Without altering a single character, set down all of the data below.
[Materials provided — start]
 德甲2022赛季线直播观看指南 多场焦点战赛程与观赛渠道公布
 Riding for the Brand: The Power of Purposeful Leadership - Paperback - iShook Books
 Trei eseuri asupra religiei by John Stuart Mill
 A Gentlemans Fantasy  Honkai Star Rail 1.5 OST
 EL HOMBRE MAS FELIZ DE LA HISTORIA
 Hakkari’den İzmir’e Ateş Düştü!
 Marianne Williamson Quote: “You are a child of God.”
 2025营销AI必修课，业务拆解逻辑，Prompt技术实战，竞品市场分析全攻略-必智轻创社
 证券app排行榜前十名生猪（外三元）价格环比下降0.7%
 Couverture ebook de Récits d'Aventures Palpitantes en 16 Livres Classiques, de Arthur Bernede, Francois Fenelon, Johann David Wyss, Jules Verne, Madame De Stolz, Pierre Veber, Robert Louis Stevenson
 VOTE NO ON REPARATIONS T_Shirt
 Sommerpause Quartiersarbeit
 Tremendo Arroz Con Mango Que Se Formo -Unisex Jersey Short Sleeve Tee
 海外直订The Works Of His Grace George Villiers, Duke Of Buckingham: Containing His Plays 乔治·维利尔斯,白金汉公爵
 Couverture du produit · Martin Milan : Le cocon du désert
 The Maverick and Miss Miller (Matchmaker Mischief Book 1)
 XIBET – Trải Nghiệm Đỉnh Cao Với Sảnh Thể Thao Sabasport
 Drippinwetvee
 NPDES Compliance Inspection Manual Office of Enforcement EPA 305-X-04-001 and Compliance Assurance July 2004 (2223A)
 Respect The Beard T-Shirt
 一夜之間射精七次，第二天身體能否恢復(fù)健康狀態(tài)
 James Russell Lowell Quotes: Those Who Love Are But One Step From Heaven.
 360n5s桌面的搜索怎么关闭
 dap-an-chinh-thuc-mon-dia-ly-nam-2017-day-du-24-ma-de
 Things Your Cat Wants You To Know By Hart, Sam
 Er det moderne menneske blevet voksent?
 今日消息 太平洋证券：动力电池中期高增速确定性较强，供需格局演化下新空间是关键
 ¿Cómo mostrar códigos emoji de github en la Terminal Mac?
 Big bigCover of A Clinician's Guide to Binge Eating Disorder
[Materials provided — finish]
**Task response:**
 德甲2022赛季线直播观看指南 多场焦点战赛程与观赛渠道公布
 Riding for the Brand: The Power of Purposeful Leadership - Paperback - iShook Books
 Trei eseuri asupra religiei by John Stuart Mill
 A Gentlemans Fantasy  Honkai Star Rail 1.5 OST
 EL HOMBRE MAS FELIZ DE LA HISTORIA
 Hakkari’den İzmir’e Ateş Düştü!
 Marianne Williamson Quote: “You are a child of God.”
 2025营销AI必修课，业务拆解逻辑，Prompt技术实战，竞品市场分析全攻略-必智轻创社
 证券app排行榜前十名生猪（外三元）价格环比下降0.7%
 Couverture ebook de Récits d'Aventures Palpitantes en 16 Livres Classiques, de Arthur Bernede, Francois Fenelon, Johann David Wyss, Jules Verne, Madame De Stolz, Pierre Veber, Robert Louis Stevenson
 VOTE NO ON REPARATIONS T_Shirt
 Sommerpause Quartiersarbeit
 Tremendo Arroz Con Mango Que Se Formo -Unisex Jersey Short Sleeve Tee
 海外直订The Works Of His Grace George Villiers, Duke Of Buckingham: Containing His Plays 乔治·维利尔斯,白金汉公爵
 Couverture du produit · Martin Milan : Le cocon du désert
 The Maverick and Miss Miller (Matchmaker Mischief Book 1)
 XIBET – Trải Nghiệm Đỉnh Cao Với Sảnh Thể Thao Sabasport
 Drippinwetvee
 NPDES Compliance Inspection Manual Office of Enforcement EPA 305-X-04-001 and Compliance Assurance July 2004 (2223A)
 Respect The Beard T-Shirt
 一夜之間射精七次，第二天身體能否恢復(fù)健康狀態(tài)
 James Russell Lowell Quotes: Those Who Love Are But One Step From Heaven.
 360n5s桌面的搜索怎么关闭
 dap-an-chinh-thuc-mon-dia-ly-nam-2017-day-du-24-ma-de
 Things Your Cat Wants You To Know By Hart, Sam
 Er det moderne menneske blevet voksent?
 今日消息 太平洋证券：动力电池中期高增速确定性较强，供需格局演化下新空间是关键
 ¿Cómo mostrar códigos emoji de github en la Terminal Mac?
 Big bigCover of A Clinician's Guide to Binge Eating Disorder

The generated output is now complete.